§ **YOUR ASSIGNMENT**:
Once you have read the data below, print all of it exactly.

DATA PROVIDED START

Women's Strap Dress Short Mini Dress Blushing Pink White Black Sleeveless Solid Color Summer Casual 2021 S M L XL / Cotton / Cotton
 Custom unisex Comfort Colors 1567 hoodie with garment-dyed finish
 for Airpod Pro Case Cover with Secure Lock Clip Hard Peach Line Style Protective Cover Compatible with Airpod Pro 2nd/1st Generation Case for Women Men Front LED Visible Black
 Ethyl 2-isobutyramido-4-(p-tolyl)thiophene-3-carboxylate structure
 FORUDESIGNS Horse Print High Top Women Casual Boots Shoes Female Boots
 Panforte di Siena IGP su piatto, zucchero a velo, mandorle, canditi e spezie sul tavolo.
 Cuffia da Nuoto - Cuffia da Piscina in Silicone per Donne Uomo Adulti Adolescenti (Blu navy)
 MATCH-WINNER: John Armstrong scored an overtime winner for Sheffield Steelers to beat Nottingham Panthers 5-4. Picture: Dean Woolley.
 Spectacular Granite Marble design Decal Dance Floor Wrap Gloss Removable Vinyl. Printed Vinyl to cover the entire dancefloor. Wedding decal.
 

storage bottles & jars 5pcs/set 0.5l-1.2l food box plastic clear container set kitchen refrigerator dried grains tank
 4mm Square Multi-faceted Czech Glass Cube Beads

DATA PROVIDED END

§ **TASK ANSWER**:
Women's Strap Dress Short Mini Dress Blushing Pink White Black Sleeveless Solid Color Summer Casual 2021 S M L XL / Cotton / Cotton
 Custom unisex Comfort Colors 1567 hoodie with garment-dyed finish
 for Airpod Pro Case Cover with Secure Lock Clip Hard Peach Line Style Protective Cover Compatible with Airpod Pro 2nd/1st Generation Case for Women Men Front LED Visible Black
 Ethyl 2-isobutyramido-4-(p-tolyl)thiophene-3-carboxylate structure
 FORUDESIGNS Horse Print High Top Women Casual Boots Shoes Female Boots
 Panforte di Siena IGP su piatto, zucchero a velo, mandorle, canditi e spezie sul tavolo.
 Cuffia da Nuoto - Cuffia da Piscina in Silicone per Donne Uomo Adulti Adolescenti (Blu navy)
 MATCH-WINNER: John Armstrong scored an overtime winner for Sheffield Steelers to beat Nottingham Panthers 5-4. Picture: Dean Woolley.
 Spectacular Granite Marble design Decal Dance Floor Wrap Gloss Removable Vinyl. Printed Vinyl to cover the entire dancefloor. Wedding decal.
 

storage bottles & jars 5pcs/set 0.5l-1.2l food box plastic clear container set kitchen refrigerator dried grains tank
 4mm Square Multi-faceted Czech Glass Cube Beads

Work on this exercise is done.